DATA SEGMENT
--------------------------------------------------

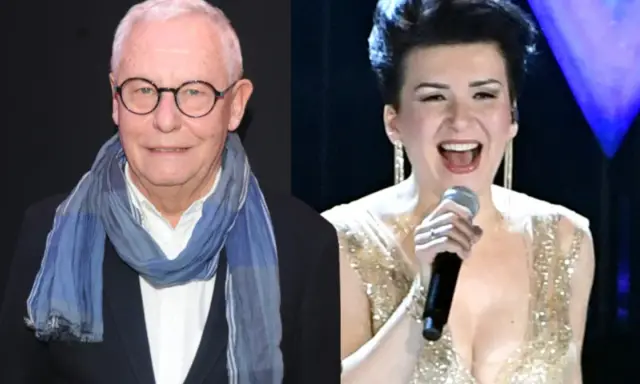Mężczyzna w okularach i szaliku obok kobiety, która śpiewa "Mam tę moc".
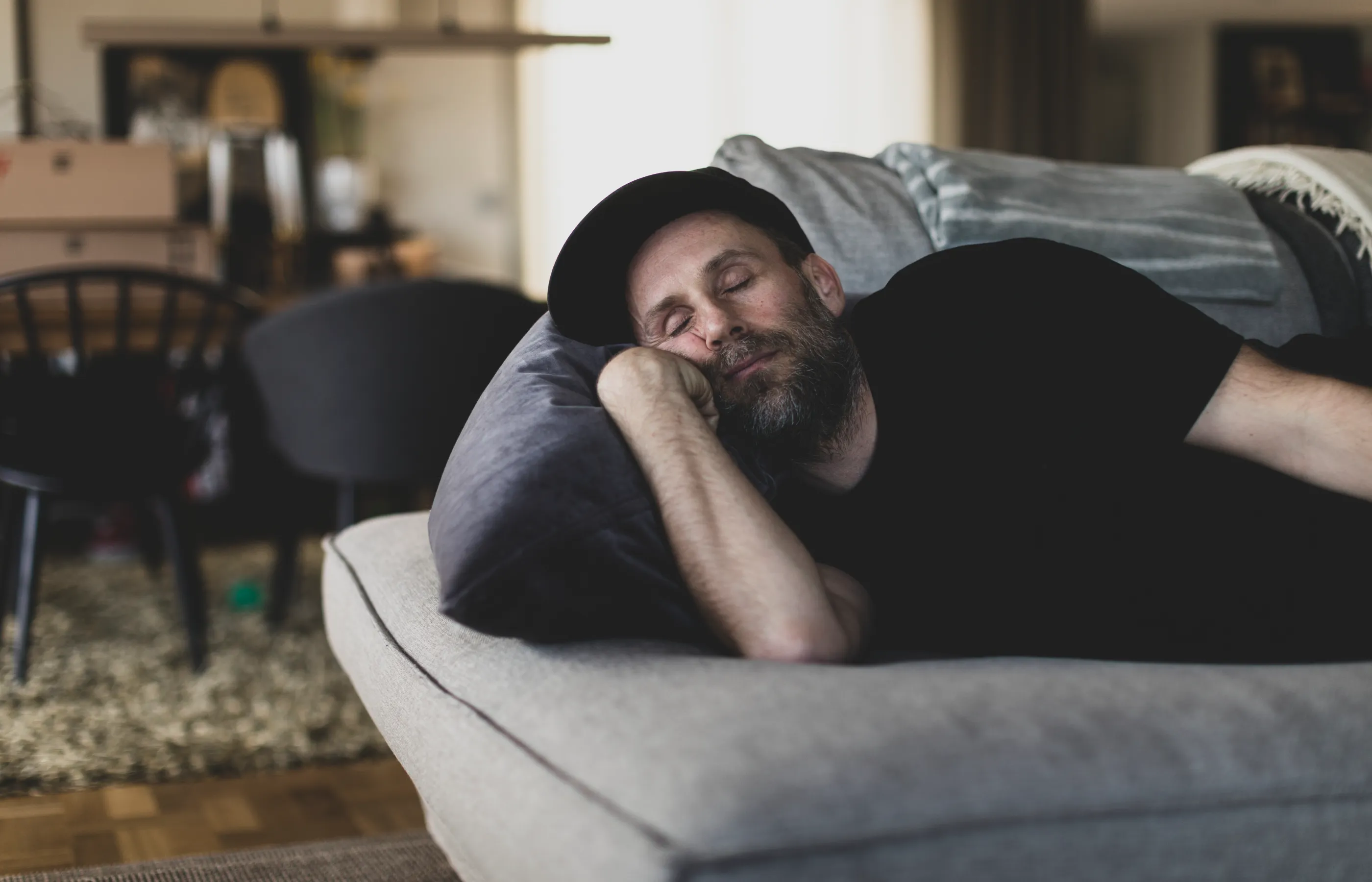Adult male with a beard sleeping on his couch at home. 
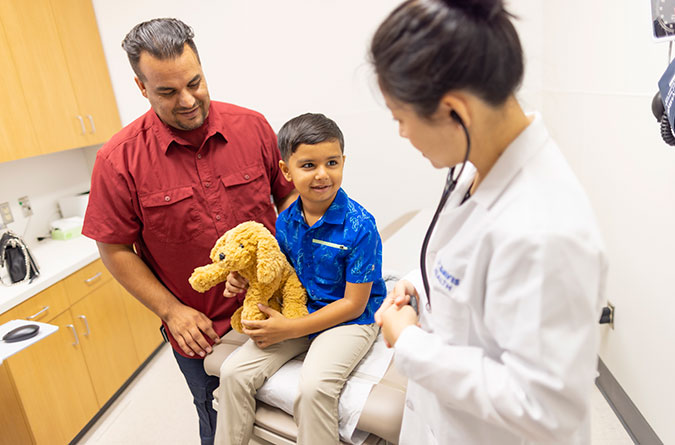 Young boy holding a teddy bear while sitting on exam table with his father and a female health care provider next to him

--------------------------------------------------

Excluding pictures, copy exactly the lines from the line containing "Adult male with" through the last line of the data, inclusive.

Adult male with a beard sleeping on his couch at home. 
 Young boy holding a teddy bear while sitting on exam table with his father and a female health care provider next to him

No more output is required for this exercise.